En tout cas, vous pouvez commenter, il me reste du temps un petit peu ? deux minutes. Mais, vous savez, je ne veux pas vous faire un blâme, là. C'est juste que je pense qu'il y a un devoir de recherche profonde, de la part de votre association, pour le débat qui s'en vient, parce que ça va être important, puis il ne faut pas qu'on embarque dans la démesure puis dans des suppositions. Il faut qu'on parle de choses réelles.

M. Tambourgi (Philippe): C'est parce que... On n'est pas contre l'Innu Assi parce que ça pourrait nous empêcher de trapper ou ça pourrait empêcher un trappeur de trapper sur sa ferme, là. Nous autres, ce qu'on a remis en question dans l'Innu Assi, c'est le fait de donner des terres en propriété exclusive. Ça n'a aucun rapport avec le piégeage, là.

M. Corriveau: Oui, mais... Bien, si ça n'a pas rapport au piégeage, là, mon garagiste ou mon urbaniste, il vient me parler du prix du beurre.

M. Tambourgi (Philippe): Bien, moi, je vous présente ? excusez-moi, là, de vous interrompre ? je vous présente l'opinion de la population, là. C'est l'impression que la population a; c'est l'impression de nos membres. Si on ne veut pas donner la propriété exclusive...

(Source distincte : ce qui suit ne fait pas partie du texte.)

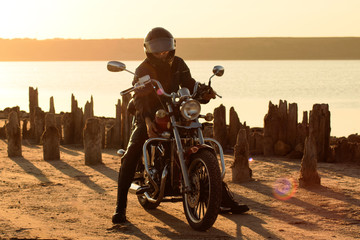 biker in the leather and helm on the red motorcycle against field and seashore. Brutal man in leather at sunset
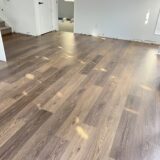 b1d0ca3638b262ec6750ea75ed8edb1 rotated Bring a touch of classic sophistication to your home with <strong>English Walnut Oak</strong>. Its rich walnut tones and detailed grain pattern exude elegance, making it a standout option for both traditional and contemporary designs. Designed with <strong>water-resistant flooring</strong> technology, it provides excellent protection against spills and moisture. Perfect for creating warm and inviting spaces, English Walnut Oak is a durable and stylish choice for <strong>laminate wood flooring</strong> enthusiasts.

Une voix: Je pense que ça répond à...

Le Président (M. Lachance): Alors, on reste sur un point d'interrogation qui restera à préciser par la suite des choses, en espérant que la lumière se fasse. Et, là-dessus, je vous remercie, membres de la Fédération des trappeurs gestionnaires du Québec, d'être venus à notre commission parlementaire pour présenter votre opinion.

Et j'ajourne les travaux de la commission des institutions à jeudi matin, le 23 janvier 2003, à 9 h 30, ici même, dans cette salle du Conseil législatif.